When news of the Repeal of the Stamp Act (1766) reached America, cities erupted in celebration. Within a year, however, Charles Townshend, a strong supporter of the Stamp Act, “turned again to the idea of an American tax. But this time he would hold the colonists to their word” (Langguth, 92). He demanded tighter control over American customs and when New York quarreled with the 1766 Quartering Act, retaliated with the Restraining Act (1767). Colonists responded to his series of Townshend Acts “by mobilizing a boycott of British imports” (Schama, 462) and “a new period of agitation began” (Morison, xv). This outstanding collection continues its unfolding of the awakening Revolution not only with these pivotal laws, but also its inclusion of the 1770 Repeal of the Townshend Revenue Act, the Quebec Act (1774) and the Tea Act (1773), which incited yet another battle over taxation without representation. To Benjamin Rush, British ships entering Boston harbor, filled with tea, contained “‘something worse than death—the seeds of SLAVERY’… Boston instantly turned into a revolutionary hothouse” that produced, on one memorable October night, the legendary Boston Tea Party. To John Adams, the patriots’ “Destruction of the Tea is so bold, so daring, so firm, intrepid and inflexible, and it must have so important Consequences and so lasting, that I cannot but consider it as an Epocha [sic] in History’” (Schama, 469). Britain countered with the Intolerable Acts (1774)—“inflaming English public opinion, strengthening the ‘die-hard’ element in Cabinet and Parliament, and producing an unwise attempt at punishment and cure… but instead of isolating Massachusetts, as had been hoped, these Acts demonstrated a parliamentary power more dangerous to colonial liberty than mere taxing: and thus rallied 12 continental colonies to Massachusetts” (Morison, xxxiv).

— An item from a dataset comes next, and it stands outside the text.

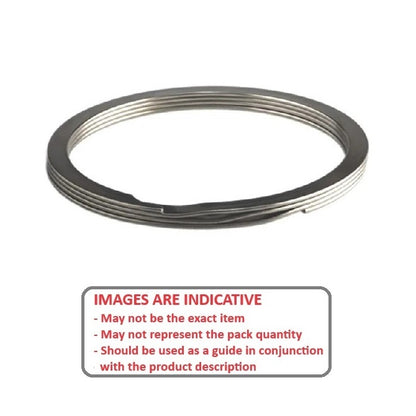 1133184 | RRN-100-S02 (5 Pcs) --- Internal Retaining Rings - 25.4x1.07x27.08 mm - Stainless Steel 302/304 Similar to A2, 18-8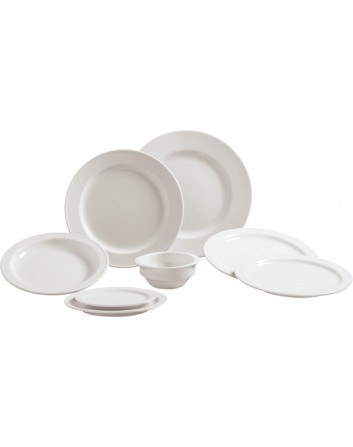 Plato Llano serie Aitana 24 cm x 24 unidades para bares y restaurantes Porvasal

War began on April 19, 1775 at Lexington and Concord and, as America began its long struggle for independence, Parliament issued the American Prohibitory Act of 1776, at once signaling the end of any hope of reconciliation and the beginning of the war in earnest. Along with that law, this collection further includes important wartime acts, such as that authorizing ship commanders to “take or make Prize” of enemy ships, and the High Treason Act and the Captures Act, all passed in 1777, together with a law on prisoners of wars and the Peace Act of 1782. As American independence loomed, a series of belated, ineffectual conciliatory acts were passed—and in 1783 Parliament acknowledged its former colony, for the first time, as “the United States of America.” First editions, first printings, of 30 Revolutionary War acts from the Sessional Volumes of Parliament, preceding all American printings. Acts printed prior to 1796 are extremely scarce, since the maximum number printed was only around 1100 copies (see Report of the Committee for the Promulgation of the Statutes, 1796).
Very light scattered foxing. A truly outstanding, about-fine collection of Revolutionary War acts.